### [To do]
Repeat the listing below exactly. Pictures do not belong in the copy.

### [Information shown]
----
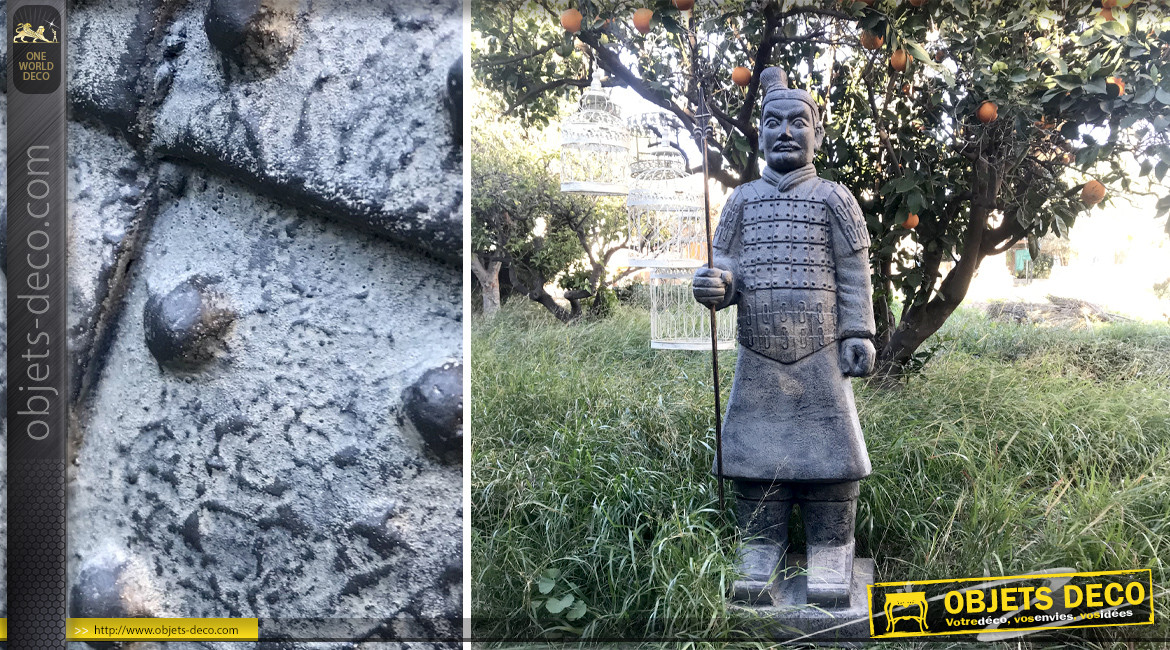 Grande statue de guerrier Chinois en fibre de verre, finition gris vieilli, 120cm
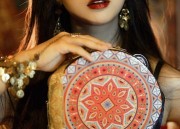The Golden Hairpin and the Horseface Skirt:A Tale of Traditional Beauty and Elegance
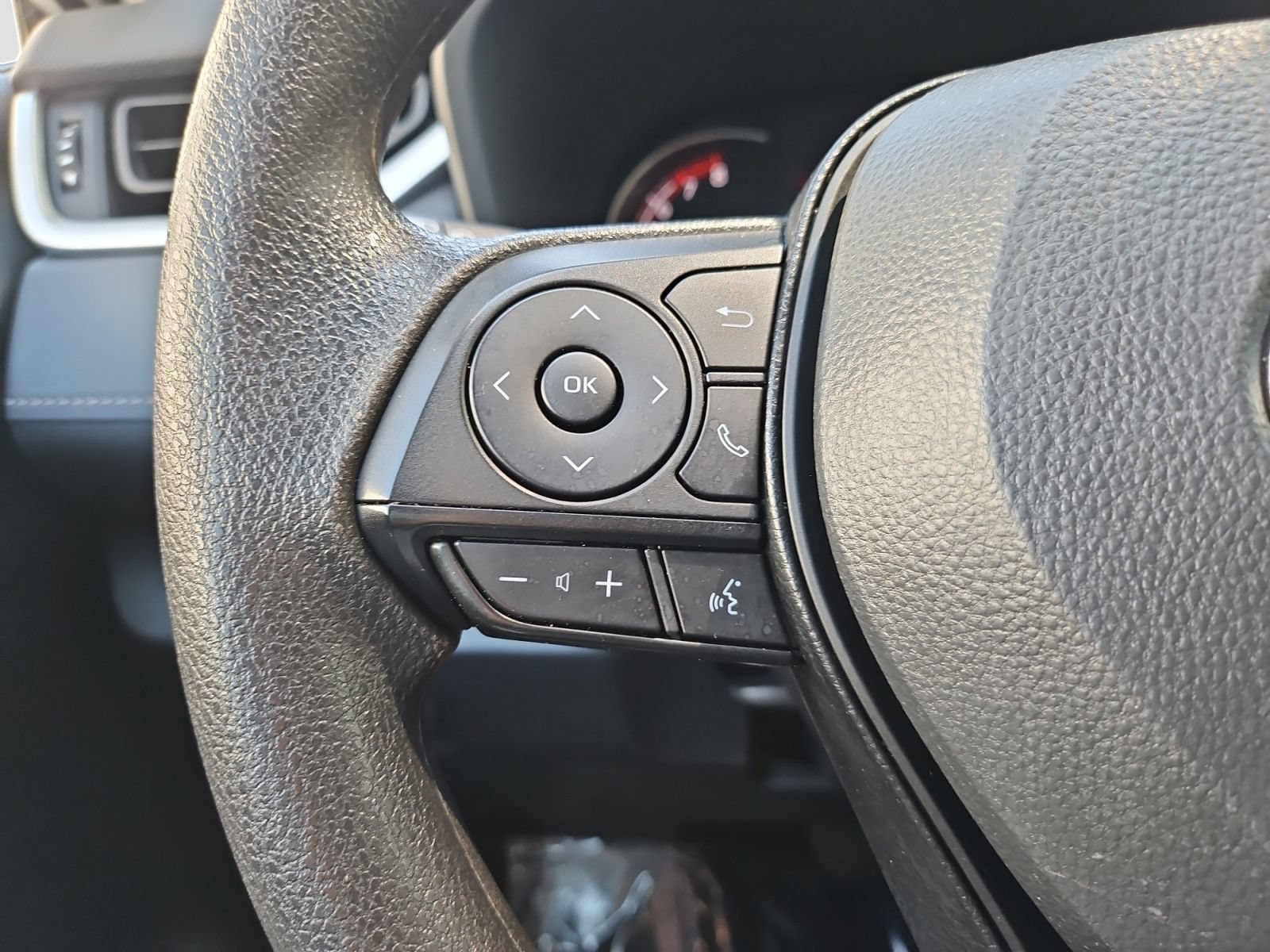 Used 2025 Toyota RAV4 XLE FWD image 30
----
### [Exercise answer]
 Grande statue de guerrier Chinois en fibre de verre, finition gris vieilli, 120cm
The Golden Hairpin and the Horseface Skirt:A Tale of Traditional Beauty and Elegance
 Used 2025 Toyota RAV4 XLE FWD image 30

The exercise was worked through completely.